We reproduce the class inline so the guard is visible and the notebook runs without the full (torch-heavy) neuralset install.

# Reproduced verbatim from neuralset.extractors.neuro.FmriCleaner (neuralset 0.2.2)
# so this notebook is self-contained. Source: github.com/facebookresearch/neuroai

class FmriCleaner(pydantic.BaseModel):
    """Configuration for fMRI signal cleaning."""

    model_config = pydantic.ConfigDict(extra="forbid")
    standardize: Literal["zscore_sample", "zscore", "psc"] | bool = "zscore_sample"
    detrend: bool = True
    high_pass: float | None = None
    low_pass: float | None = None
    filter: Literal["butterworth", "cosine"] | None = None
    ensure_finite: bool = True

    def clean(self, data: np.ndarray, t_r: float) -> np.ndarray:
        if (
            self.detrend
            or self.standardize
            or (self.high_pass is not None)
            or (self.low_pass is not None)
        ):
            import nilearn.signal

            data = data.T  # set time as first dim
            shape = data.shape
            data = nilearn.signal.clean(
                data.reshape(shape[0], -1),
                t_r=t_r,
                standardize=self.standardize,
                high_pass=self.high_pass,
                low_pass=self.low_pass,
                filter=self.filter,
                detrend=self.detrend,
                ensure_finite=self.ensure_finite,
            )
            data = data.reshape(shape).T
        return data

A config object, not a function

FmriCleaner is a pydantic.BaseModel: every field is typed and validated, defaults are declared once, and extra="forbid" means a misspelled option is rejected at construction instead of silently ignored. This is the pattern neuralset uses for all its configs.

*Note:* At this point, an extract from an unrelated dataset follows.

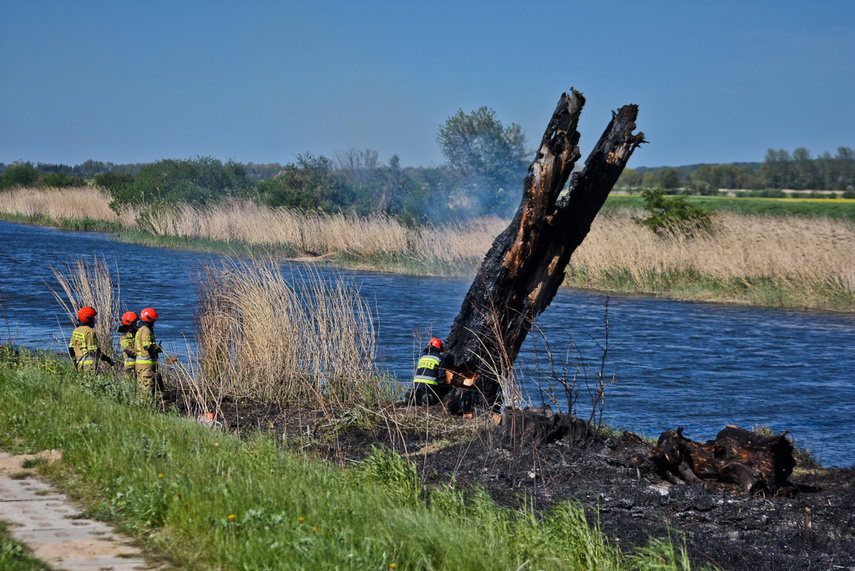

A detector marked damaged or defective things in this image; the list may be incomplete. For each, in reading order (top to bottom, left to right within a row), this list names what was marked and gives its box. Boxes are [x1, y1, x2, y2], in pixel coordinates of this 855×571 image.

print("fields & defaults:")
for name, field in FmriCleaner.model_fields.items():
    print(f"  {name:<14} default={field.default!r}")

print("\ndefault config:", FmriCleaner().model_dump())

# extra="forbid" -> a typo is a hard error, not a silent no-op
try:
    FmriCleaner(detrendd=True)          # note the typo
except pydantic.ValidationError as e:
    print("\nrejected unknown field 'detrendd':", e.errors()[0]["type"])
fields & defaults:
  standardize    default='zscore_sample'
  detrend        default=True
  high_pass      default=None
  low_pass       default=None
  filter         default=None
  ensure_finite  default=True

default config: {'standardize': 'zscore_sample', 'detrend': True, 'high_pass': None, 'low_pass': None, 'filter': None, 'ensure_finite': True}

rejected unknown field 'detrendd': extra_forbidden

The data contract: (n_features, time)

nilearn.signal.clean expects time first(time, n_features). FmriCleaner.clean(data, t_r) flips that: it takes (n_features, time) (the layout the rest of neuralset uses), transposes internally, cleans, then transposes back — so shape in equals shape out, for any number of feature dimensions. t_r is the repetition time in seconds (1 / frequency).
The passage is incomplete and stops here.